*** Data for this task Section Begins ***

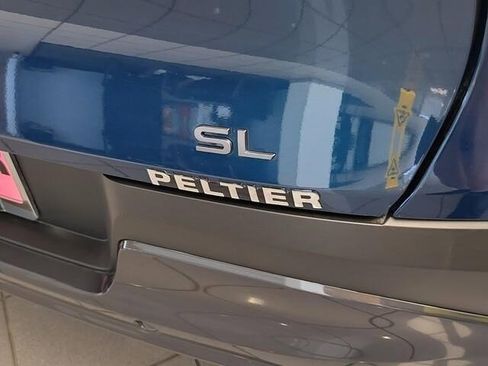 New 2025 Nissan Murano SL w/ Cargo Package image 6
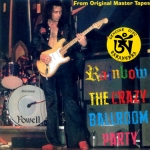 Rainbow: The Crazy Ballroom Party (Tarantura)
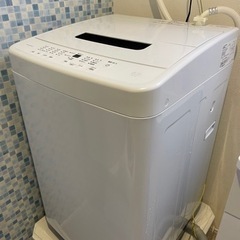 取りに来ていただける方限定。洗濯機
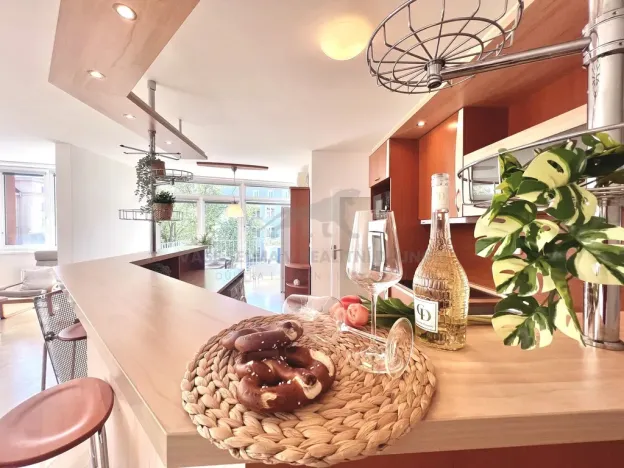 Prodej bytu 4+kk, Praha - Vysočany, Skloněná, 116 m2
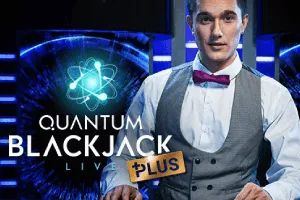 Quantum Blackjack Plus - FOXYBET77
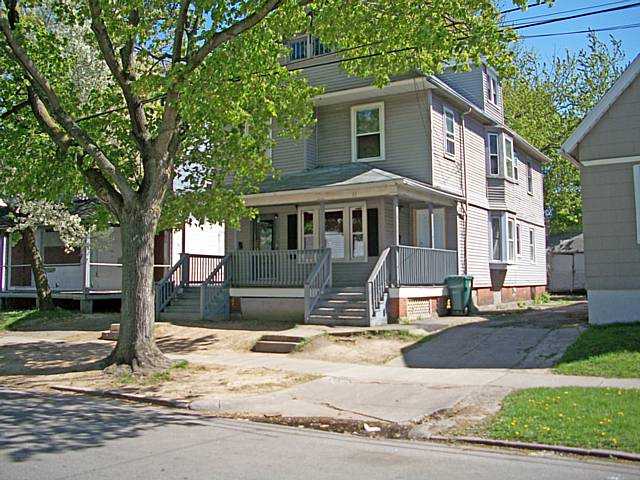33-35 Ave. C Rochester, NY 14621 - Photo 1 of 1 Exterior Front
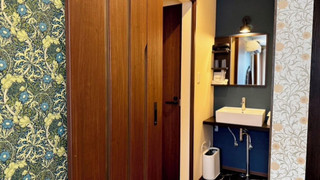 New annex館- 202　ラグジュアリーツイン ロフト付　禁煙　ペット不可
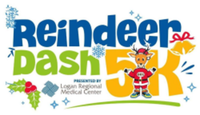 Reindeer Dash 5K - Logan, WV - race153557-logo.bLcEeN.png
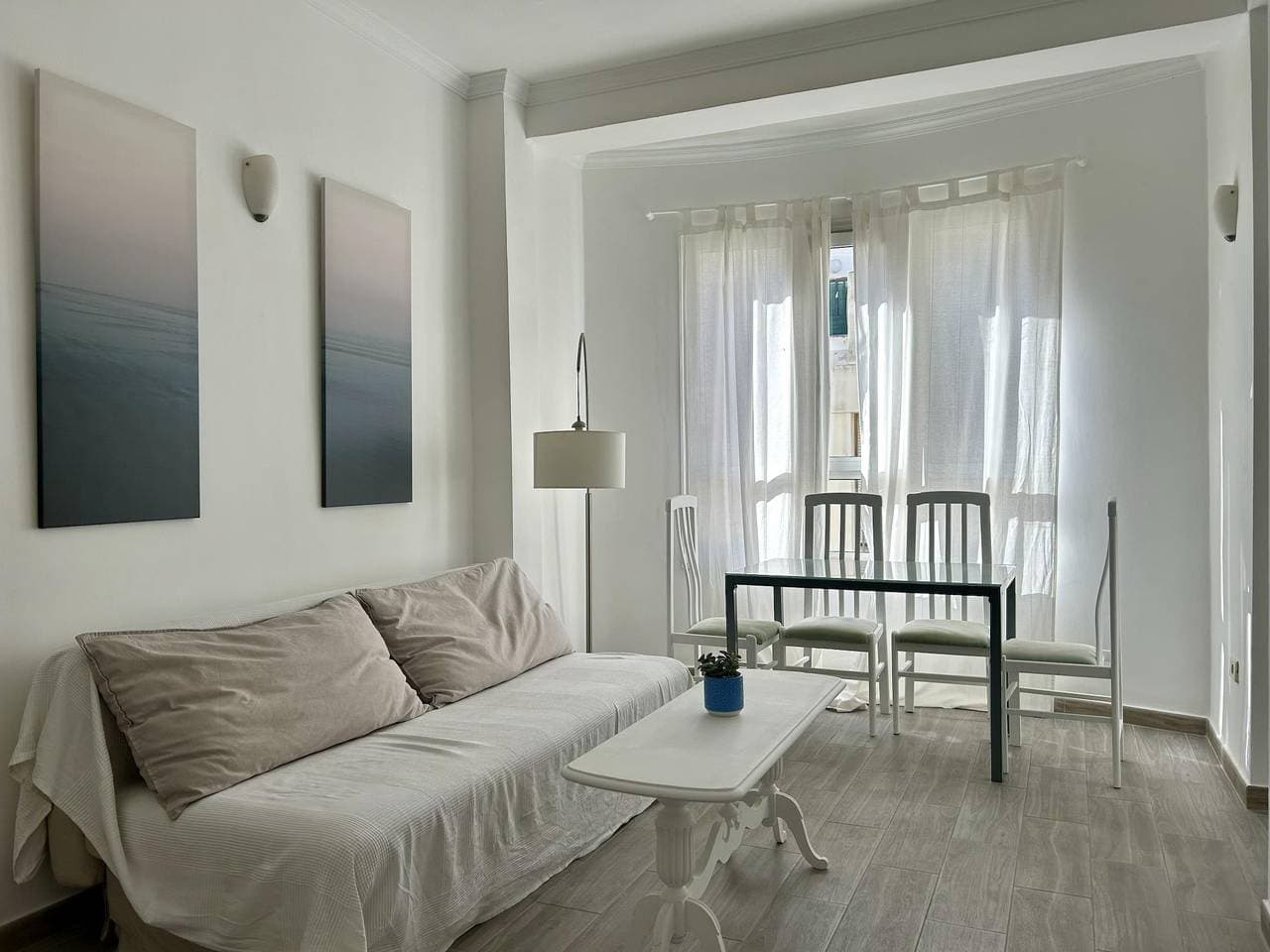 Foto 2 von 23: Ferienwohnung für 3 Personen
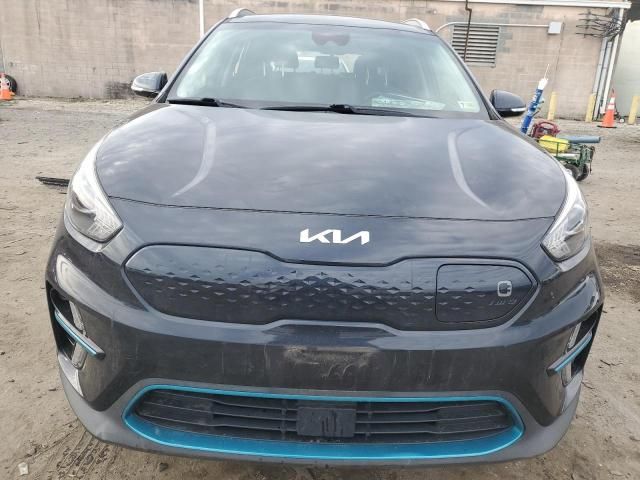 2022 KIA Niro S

*** Data for this task Section Ends ***

» **Exercise directions**: When a record holds a picture, leave that picture out; copy the rest verbatim.

» **Result of this exercise**:
 New 2025 Nissan Murano SL w/ Cargo Package image 6
 Rainbow: The Crazy Ballroom Party (Tarantura)
 取りに来ていただける方限定。洗濯機
 Prodej bytu 4+kk, Praha - Vysočany, Skloněná, 116 m2
 Quantum Blackjack Plus - FOXYBET77
33-35 Ave. C Rochester, NY 14621 - Photo 1 of 1 Exterior Front
 New annex館- 202　ラグジュアリーツイン ロフト付　禁煙　ペット不可
 Reindeer Dash 5K - Logan, WV - race153557-logo.bLcEeN.png
 Foto 2 von 23: Ferienwohnung für 3 Personen
 2022 KIA Niro S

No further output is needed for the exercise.